═════ Data block
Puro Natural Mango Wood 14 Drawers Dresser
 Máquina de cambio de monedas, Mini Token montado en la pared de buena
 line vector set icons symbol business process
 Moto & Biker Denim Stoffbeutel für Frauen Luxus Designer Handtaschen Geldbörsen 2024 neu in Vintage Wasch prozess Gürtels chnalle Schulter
══════════
■ Task goal:
Please copy the data in full, character for character.

■ Output of the exercise:
Puro Natural Mango Wood 14 Drawers Dresser
 Máquina de cambio de monedas, Mini Token montado en la pared de buena
 line vector set icons symbol business process
 Moto & Biker Denim Stoffbeutel für Frauen Luxus Designer Handtaschen Geldbörsen 2024 neu in Vintage Wasch prozess Gürtels chnalle Schulter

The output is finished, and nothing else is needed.